Christians remained what they were, i.e. the descendants of those ancient
inhabitants of Mesopotamia and the heirs of their cultural heritage. Therefore,
present-day Chaldeans and Assyrians are precisely that; ethnically, they
are the descendants of the ancient inhabitants of Mesopotamia, culturally,
they are the heirs of their Aramaic language and heritage.
To be accurate from the start, I must add this clarification:
1) The first wave of converts to
Christianity in Mesopotamia have surly included a segment of the sizable
Jewish Diaspora of the land;
2) The wars between Persians and
Romans resulted some times in moving some Christian captives from Roman
land to Persian ruled land, specifically to the city of Gundisapur in Elam
at the eastern bank of today's Shatt-il-Arab
These remarks indicate two ingredients in the formation of early Mesopotamian Christianity that have merged gradually in the general Christian population. But, we can state quite accurately that the hard and large core of that early Christianity was formed from the common population of cotemporary Mesopotamia.
Therefore, if we pose again the question: who are the actual Christians of Iraq, i.e. the Chaldeans, the Assyrians as well as the Syrians, from the civil point of view? The answer should be: They are the descendants of the ancient inhabitants of Mesopotamia. To the question: What is their ethnic and cultural background? Then, I would answer: study the history of ancient Iraq; because that same history is their history; that same culture is their culture; that same Aramaic language is their language.
The Peoples of Mesopotamia
The Sumerians: The history of Ancient Iraq is truly an epic of human endeavor, 3000 BC, Sumerians pioneered major discoveries and inventions. They are the inventors of the first system of writing, the founders of the first school, the pioneers of mathematical principles and calculations. From them spring the first astronomers and astrologers, the first legislation and jurisprudence, the first library and the first pharmacy, the first prose and the first poem, the first irrigation system, and the first city planning, the first principles of morality and the first attempt to theology through mythology, the first parliament and the first city-state. The Sumerians are those who made Mesopotamia the Cradle of Civilization.

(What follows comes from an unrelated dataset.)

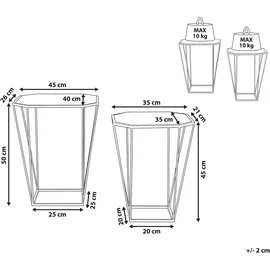 Beliani Couchtisch SIERRA Glas Gold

The Akkadians: Even though the presence of a culture different from the Sumerian is noticeable, some centuries prior to the emergence of Sargon the Akkadian (2371-2316 B.C.), it was this great king that effected the turning point in asserting the Akkadian prominence in Mesopotamia.
It was King Sargon I who unified the Land between the two Rivers, including the city of Ashur and Nineveh in the North, and expanded his rule to Upper Mesopotamia into the Syrian land. Therefore, he is the founder of the first World-Empire. Nevertheless, the Location of the capital city of Akkad is, until the present day, the best-guarded secret of Ancient Mesopotamia.
Among his children, the king Neram-Seen (2291-2251 KQ) raised the star of Akkad to its peak, expanding his empire to the North and East. But soon after, Barbarians from the northeastern mountains, the Gootians descended and destroyed the Akkadian Cities (2211-2120 B.C.), until a Sumerian king of Uruk, Auto Hikal, mustered enough force to chase and destroy their power, reviving for the span Of one more century the Sumerian rule (2113-2006 B.C.), making Ur the capital city, until the fading of Sumerian control 2006 B.C.
Immigrants and Settlers: The following century (2006- 1894 B.C.) was characterized by the immigration of a wave of Amorites from the West of Euphrates, that came and settled in the plains between the Two Rivers, when they established several small kingdoms in the cities of Eissen, Larsa and Ishnuna, until the establishment in Babel of a new dynasty.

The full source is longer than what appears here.